Если Преображенский — создатель «бога наоборот» (т. е. дьявола), то Швондер и его подручные — служители соответствующего культа. Не случайно вся их деятельность непрестанно сопровождается пением. Это — новое богослужение, месса «наоборот», песни, призывающие не к христианскому прощению и любви, но к террору, мести, ненависти. Если в понимании нормальных людей «труженик» — это тот, кто работает, создает материальные и духовные ценности, то «труженик наоборот», «пролетарий» — это тот, кто не работает, а напротив, отбирает, «экспроприирует», то, что было создано трудом других людей.
Придумывая новые ритуалы, служители «бога наоборот» изобретают и новые святцы, в которые помещают новые имена (не в честь ангелов-хранителей, а в соответствии с реалиями «революционной эпохи»). Таково имя Полиграфа Полиграфовича, данное ему из-за того, что в один из дней, когда его создавали, праздновался День полиграфиста.
Этот факт служит своеобразным мостиком к обобщению идей, высказанных в повести. Полиграф Полиграфович — в немалой степени продукт «печатного слова» (идеологические книги, которые ему дает Швондер), соответственно, то, что происходит в доме, где обитают герои повести, проецируется на весь механизм государственной пропаганды, на всю большевистскую идеологию, которая оказывается не чем иным, как «черной мессой», ритуалом поклонения Сатане. В этом отношении название всего цикла — «Дьяволиада» — представляется еще более точным и уместным.

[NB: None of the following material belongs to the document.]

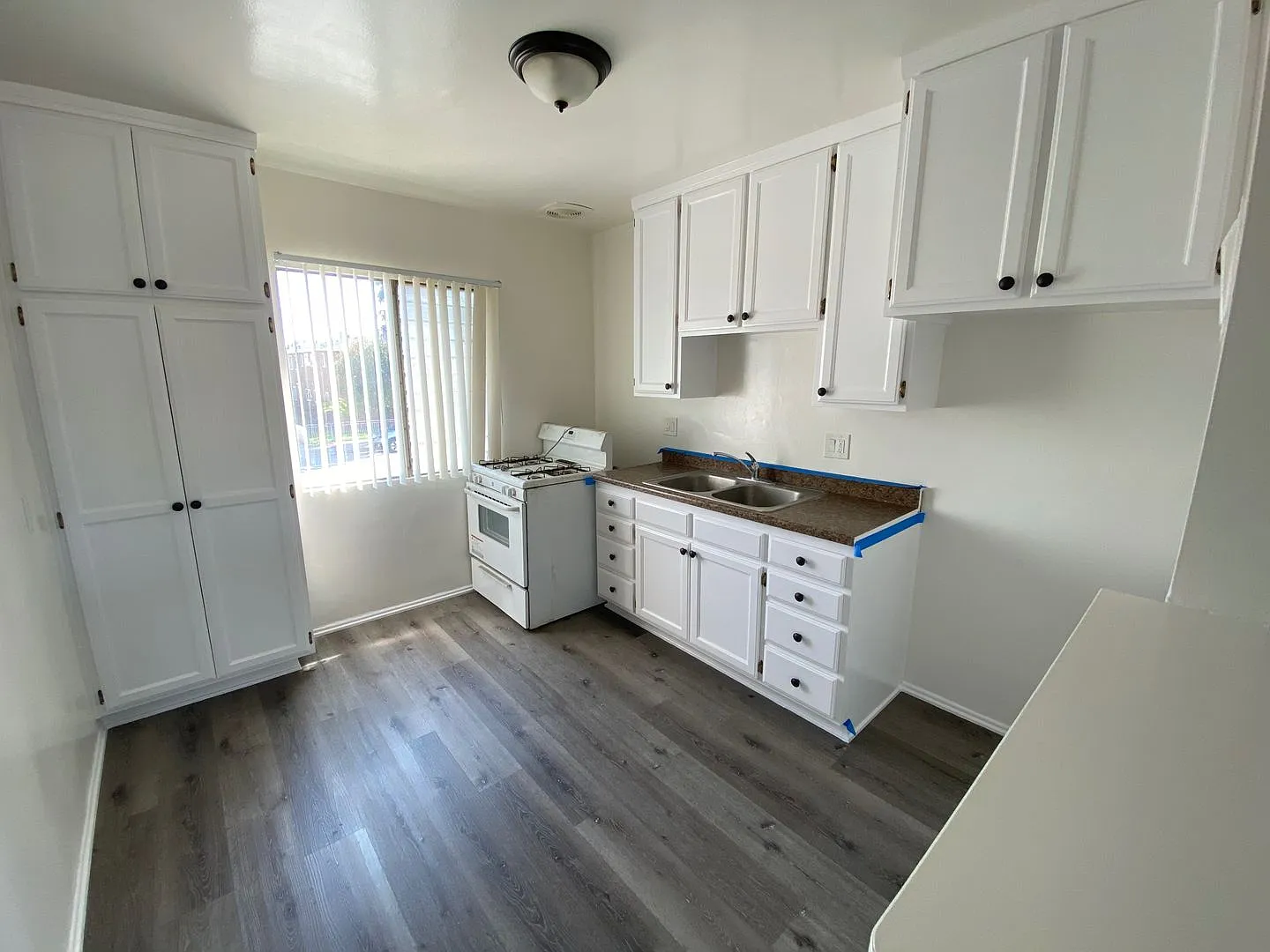 Royal Palms Apartments — Photo 1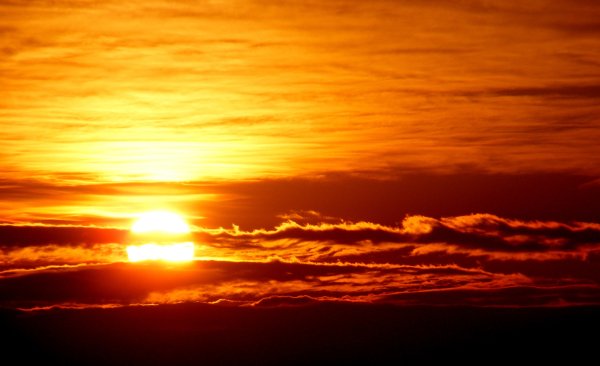 Красивое оранжевое небо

Таким образом, Булгаков не только вносит этический аспект в оценку любых научных изысканий, но и ставит его на первый план. Нравственный критерий — это то главное, чем должен руководствоваться любой ученый в своей работе. Булгаков говорит об ответственности ученого за последствия научных изобретений. По его глубочайшему убеждению, то, что безнравственно, не может считаться истинным открытием.